Key by model, adapter, tokenizer, relevant configuration, tokens, and security scope. Validate integrity and invalidate on version changes.

Operational implications

A hit is valuable in proportion to prefill work avoided, not just request count.

Measure

Hit rate, matched tokens, prefill tokens/time avoided, age, and evictions.

RadixAttention and branching reuse

A radix tree stores common token prefixes as shared roots with unique conversation or agent branches as leaves.

Implementation

Use reference counts, longest-prefix lookup, and leaf-aware eviction. Preserve tenant and model boundaries.

Operational implications

Branch-heavy multi-turn and agent workflows can benefit more than unrelated prompts.

Measure

Tree nodes, shared tokens, branch depth, hit length, eviction/re-miss, and lookup time.

Tiered cache offload

KV state may move from GPU memory to host RAM, NVMe, or remote cache tiers.

Implementation

Compare lookup, serialization, transfer, restore, and synchronization with recomputation.
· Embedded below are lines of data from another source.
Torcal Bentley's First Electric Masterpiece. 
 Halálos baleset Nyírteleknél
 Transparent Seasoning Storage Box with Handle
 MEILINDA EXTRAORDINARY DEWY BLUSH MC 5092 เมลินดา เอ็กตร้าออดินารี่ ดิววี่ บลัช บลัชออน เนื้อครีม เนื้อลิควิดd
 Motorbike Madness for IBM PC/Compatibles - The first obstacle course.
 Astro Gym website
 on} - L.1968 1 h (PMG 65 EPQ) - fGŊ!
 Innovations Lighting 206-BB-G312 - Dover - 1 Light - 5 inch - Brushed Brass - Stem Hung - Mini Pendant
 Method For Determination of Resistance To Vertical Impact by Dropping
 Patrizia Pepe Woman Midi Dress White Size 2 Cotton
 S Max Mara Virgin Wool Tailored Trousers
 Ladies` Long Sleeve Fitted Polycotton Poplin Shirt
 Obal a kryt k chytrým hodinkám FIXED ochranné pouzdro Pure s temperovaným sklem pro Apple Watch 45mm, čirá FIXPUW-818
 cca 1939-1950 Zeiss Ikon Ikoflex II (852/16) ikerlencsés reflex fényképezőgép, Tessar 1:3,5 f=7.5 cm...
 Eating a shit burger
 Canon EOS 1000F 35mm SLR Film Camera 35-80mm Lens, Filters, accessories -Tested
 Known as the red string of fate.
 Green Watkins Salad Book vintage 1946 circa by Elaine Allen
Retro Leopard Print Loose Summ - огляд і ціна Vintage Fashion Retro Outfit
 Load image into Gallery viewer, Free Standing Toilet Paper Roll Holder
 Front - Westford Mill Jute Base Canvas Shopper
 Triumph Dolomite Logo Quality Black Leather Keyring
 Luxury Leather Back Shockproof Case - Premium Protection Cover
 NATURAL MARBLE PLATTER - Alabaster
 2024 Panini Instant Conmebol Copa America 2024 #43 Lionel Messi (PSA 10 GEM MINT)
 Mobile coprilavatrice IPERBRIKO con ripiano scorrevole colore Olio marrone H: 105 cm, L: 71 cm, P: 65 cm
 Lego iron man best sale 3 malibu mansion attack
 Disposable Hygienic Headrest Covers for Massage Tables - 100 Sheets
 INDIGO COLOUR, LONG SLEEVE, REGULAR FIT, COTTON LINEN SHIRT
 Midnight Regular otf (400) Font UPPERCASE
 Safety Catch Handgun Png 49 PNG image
Use topology-aware transport and checksums.

Operational implications

Offload can hurt short prompts, low reuse, or slow links. Lower tiers expand the security and retention boundary.

Measure

Bytes transferred, tier hit, restore latency, failures, and recompute comparison.

Cache-aware routing

A router can send a request to a worker that already holds the longest useful prefix.

Implementation

Combine locality with queue, memory headroom, health, and tenant policy; expire metadata on eviction or restart.

Operational implications

Locality-only routing can overload one worker or rely on stale state.

Measure

Locality score, routed hit length, queue delta, stale-location misses, and load balance.

Isolation and retention

KV state can contain representations of sensitive input and must be scoped and deleted according to policy.

Implementation

Include tenant/data classification in cache keys, prohibit unauthorized sharing, audit reuse, and define cleanup or zeroization requirements.

Operational implications

Memory pools may retain bytes after logical free. Stronger isolation can require process boundaries or memory clearing.

Measure

Cross-tenant share attempts, retention age, cleanup/zeroization, deletion coverage, and audit events.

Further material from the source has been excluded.